FIG. 1 is a structural diagram of a HEMT structure compound semiconductor device embodying the present invention.

FIG. 2 is an energy band diagram in the XX ′ cross section.

FIG. 3 is a structural diagram of another embodiment of the present invention.

FIG. 4 is an energy band diagram in the XX ′ cross section.

FIG. 5 is a structural diagram of a conventional example.

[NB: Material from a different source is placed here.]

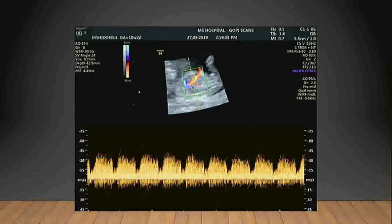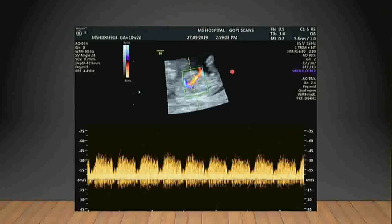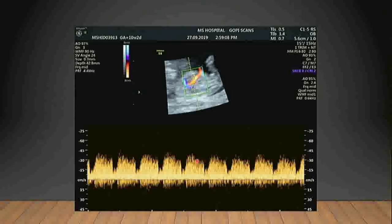Here I have taken a Doppler of the ductus venosus. You can see the umbilical vein joining the IVC. The ductus venosus is slightly angulated, so I have applied an angle correction of 24 degrees. With this correction, I am getting a perfect waveform of the ductus venosus with a normal S wave, D wave, and A wave.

FIG. 6 is an energy band diagram in the XX ′ section and the YY ′ section.

[Explanation of symbols]

 DESCRIPTION OF SYMBOLS 1 substrate 2 AND semiconductor layer 3 dope semiconductor layer 4 gate electrode 5 cap layer 6 source electrode 7 drain electrode 8 two-dimensional electron gas 9 layer provided between the cap layer and the dope semiconductor layer 10 pre -Narp

Claims (2)

[Claims] 1. An undoped semiconductor layer, a doped semiconductor layer formed on the undoped semiconductor layer, having an electron affinity smaller than that of the undoped semiconductor layer, and doped with impurities. A gate electrode formed on the doped semiconductor layer,
A compound semiconductor device having a cap layer formed on the doped semiconductor layer, and a source and drain electrode respectively formed on the cap layer, wherein the doped semiconductor layer and the cap layer are provided. Between the
A compound semiconductor device, comprising a layer having the same composition and the same impurities as those of the doped semiconductor layer, wherein the impurity concentration is sufficiently higher than the impurity concentration of the doped semiconductor layer. 2. An undoped semiconductor layer, a doped semiconductor layer formed on the undoped semiconductor layer, having an electron affinity lower than that of the undoped semiconductor layer, and doped with impurities. A gate electrode formed on the doped semiconductor layer,
A compound semiconductor device having a cap layer formed on the doped semiconductor layer, and a source and drain electrode respectively formed on the cap layer, wherein the doped semiconductor layer and the cap layer are provided. Between the
A compound semiconductor device comprising: forming a layer having the same composition and the same impurities as those of a semiconductor layer and having substantially the same impurity concentration, and providing a high concentration planar dopant near the center of the layer.